Records for this task Start Marker
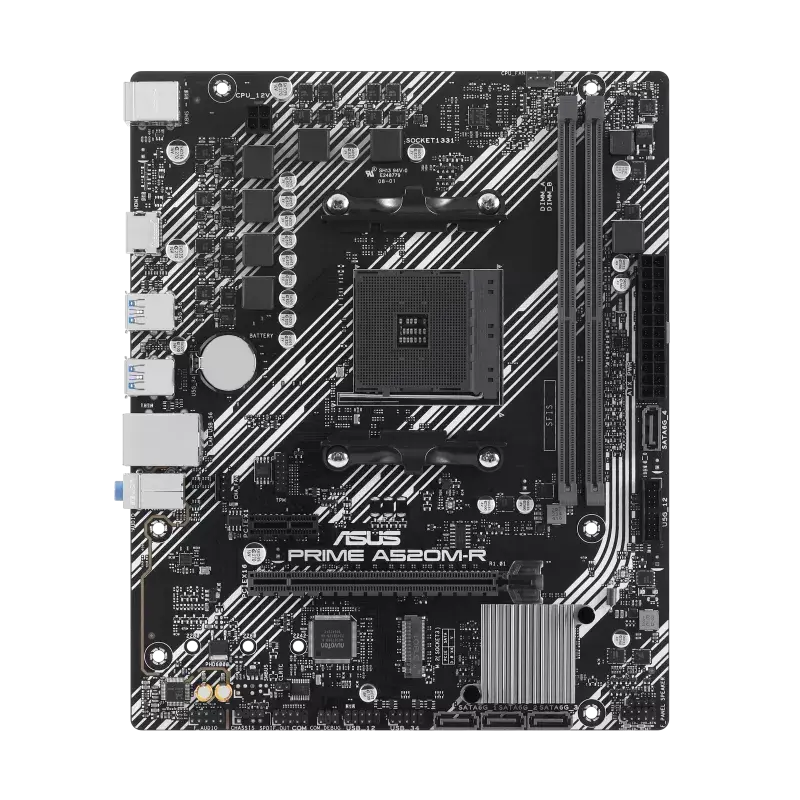 Материнская плата ASUS PRIME A520M-R, Socket AM4, A520, 2*DDR4,HDMI, 4SATA3 + RAID, Audio, Gb LAN, M2, USB 5Gbps, USB 2.0, COM*1 header (w/ o cable), mATX (90MB1H60-M0EAY0)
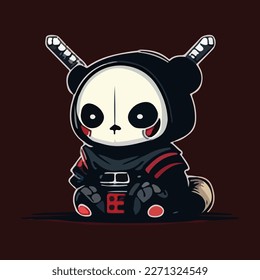 Cute japanese samurai panda vector illustration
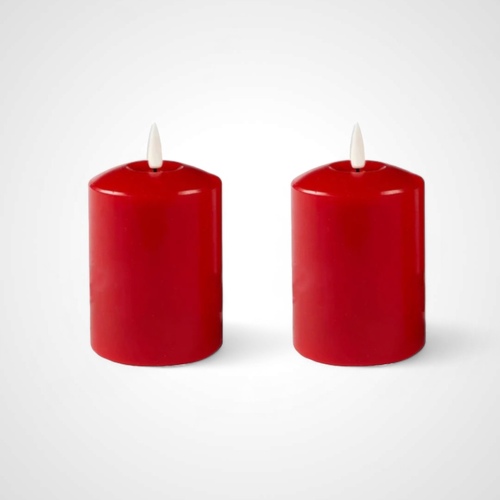 Red LED Battery Candles x 2 - 13.5cm high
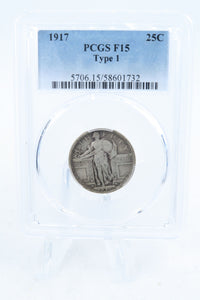 1917-P PCGS F15 Type 1 Standling Liberty Quarter Business Strike 25C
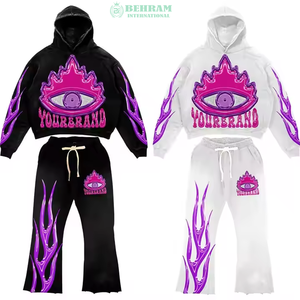 Conjunto Deportivo Unisex de Estilo Urbano, Sudadera con Capucha y Cremallera, Hombros Caídos, Pantalones con Dobladillo Dividido, Diseño con Estampado de Letras, Otoño - Product Image 5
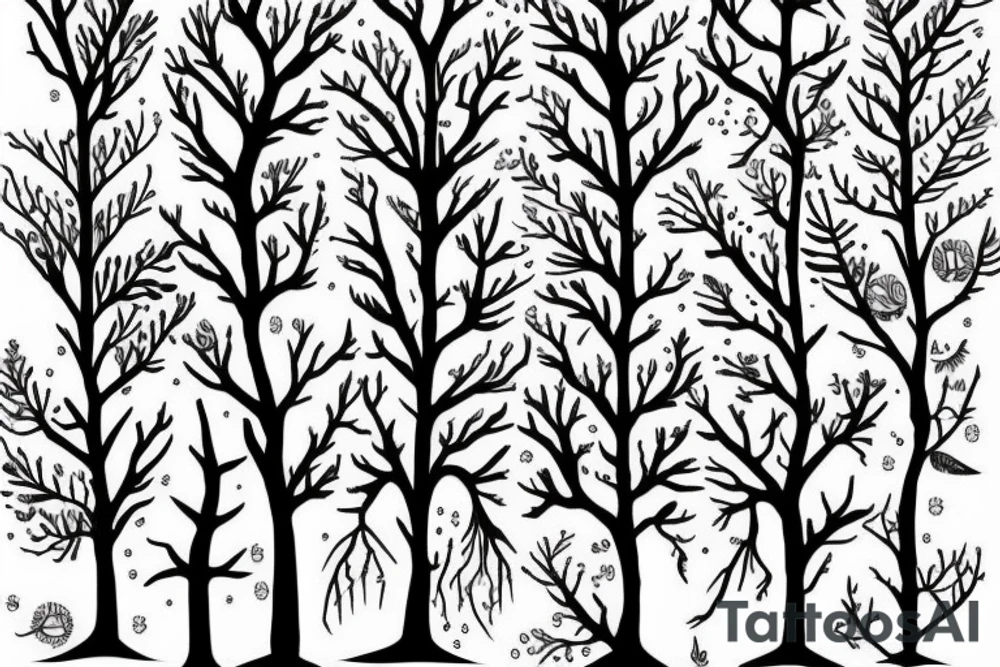 trees with WLD lettering tattoo idea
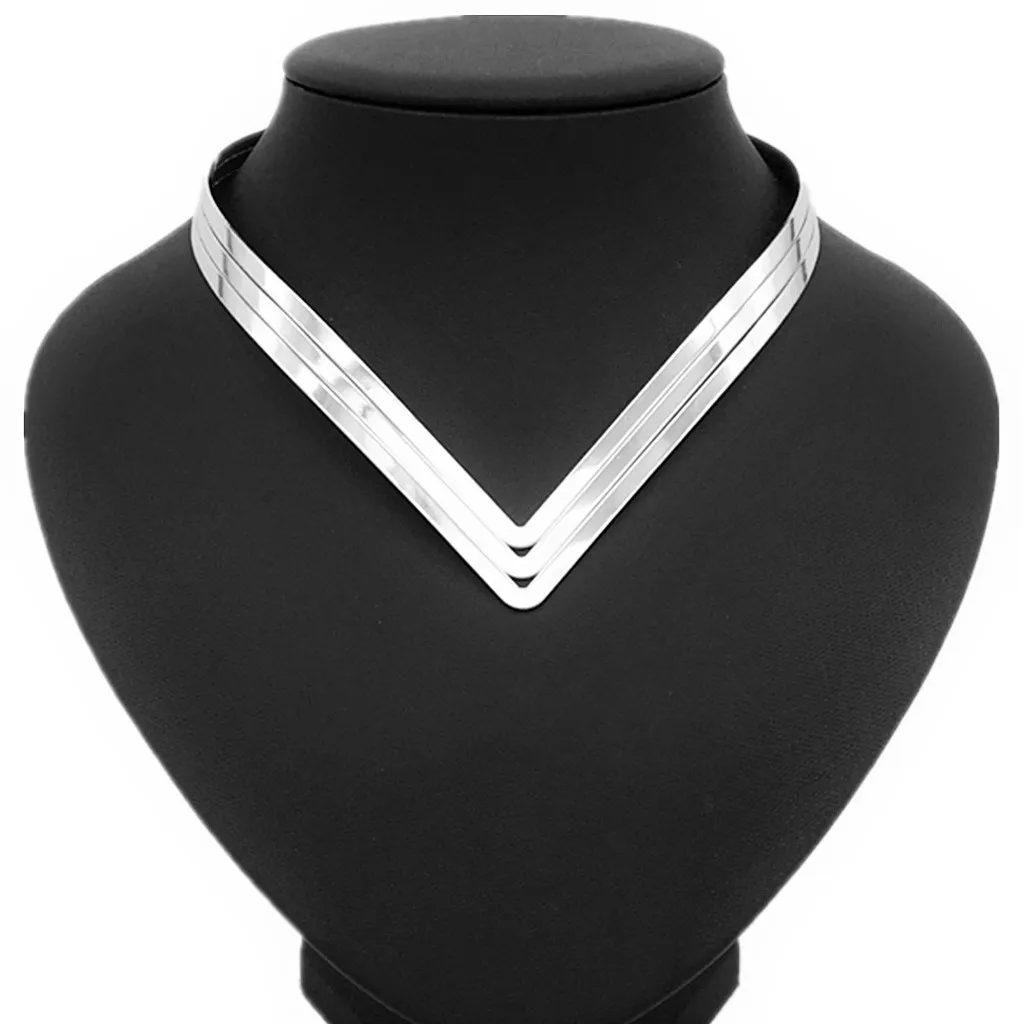

Js5364 Europe And America Street Snap Simple Modeling Metal Textured Neck Ring Necklace Jewelry Accessories Choker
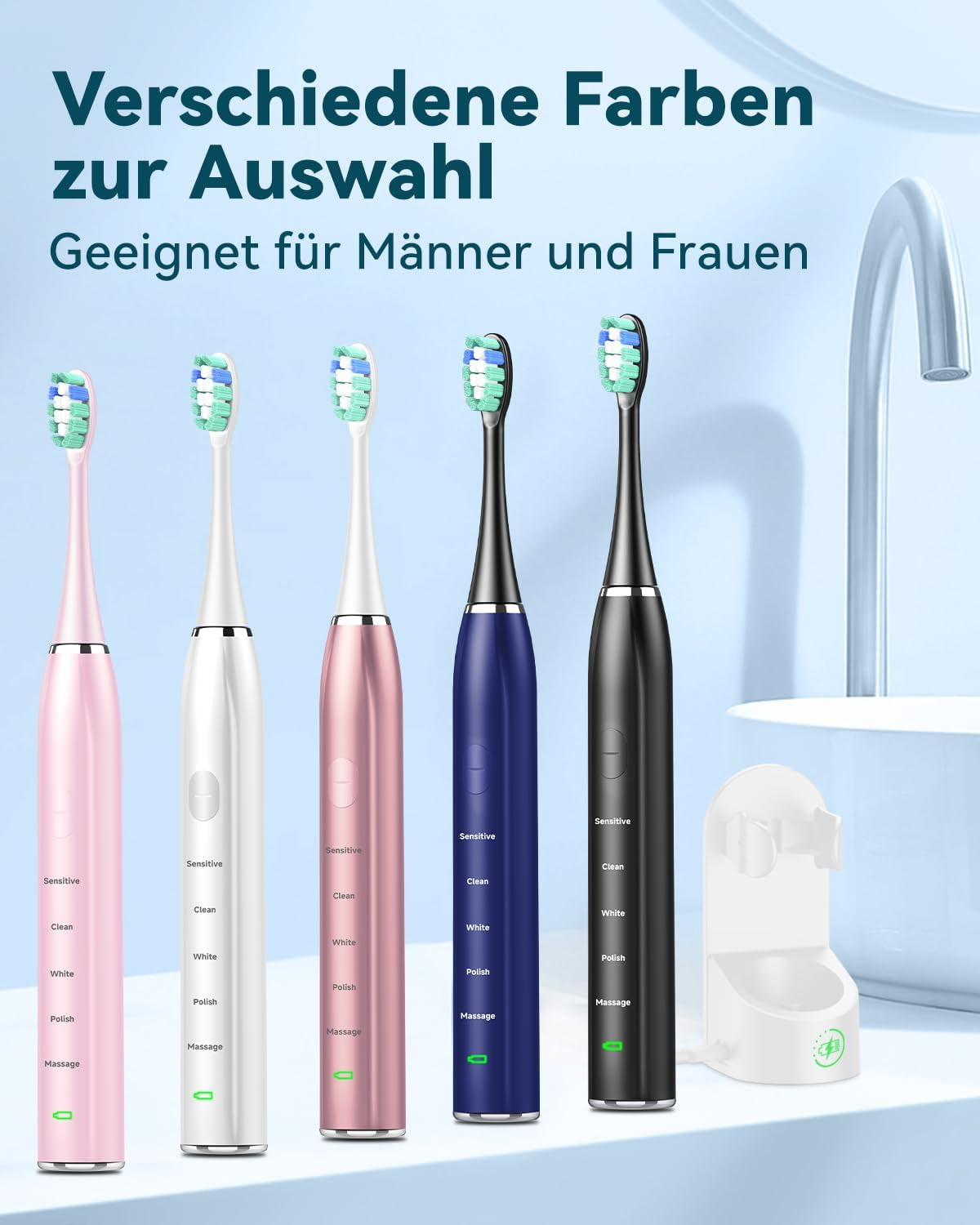 COULAX Brosse À Dents Électrique Sonique - Brosse À Dents Électrique Avec Base De Chargement, 8 Têtes, 5 Modes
Records for this task End Marker
● **Exercise brief**: Drop every image, please, and write out the data above exactly as shown.

● **Exercise output**:
 Материнская плата ASUS PRIME A520M-R, Socket AM4, A520, 2*DDR4,HDMI, 4SATA3 + RAID, Audio, Gb LAN, M2, USB 5Gbps, USB 2.0, COM*1 header (w/ o cable), mATX (90MB1H60-M0EAY0)
 Cute japanese samurai panda vector illustration
 Red LED Battery Candles x 2 - 13.5cm high
 1917-P PCGS F15 Type 1 Standling Liberty Quarter Business Strike 25C
 Conjunto Deportivo Unisex de Estilo Urbano, Sudadera con Capucha y Cremallera, Hombros Caídos, Pantalones con Dobladillo Dividido, Diseño con Estampado de Letras, Otoño - Product Image 5
 trees with WLD lettering tattoo idea

Js5364 Europe And America Street Snap Simple Modeling Metal Textured Neck Ring Necklace Jewelry Accessories Choker
 COULAX Brosse À Dents Électrique Sonique - Brosse À Dents Électrique Avec Base De Chargement, 8 Têtes, 5 Modes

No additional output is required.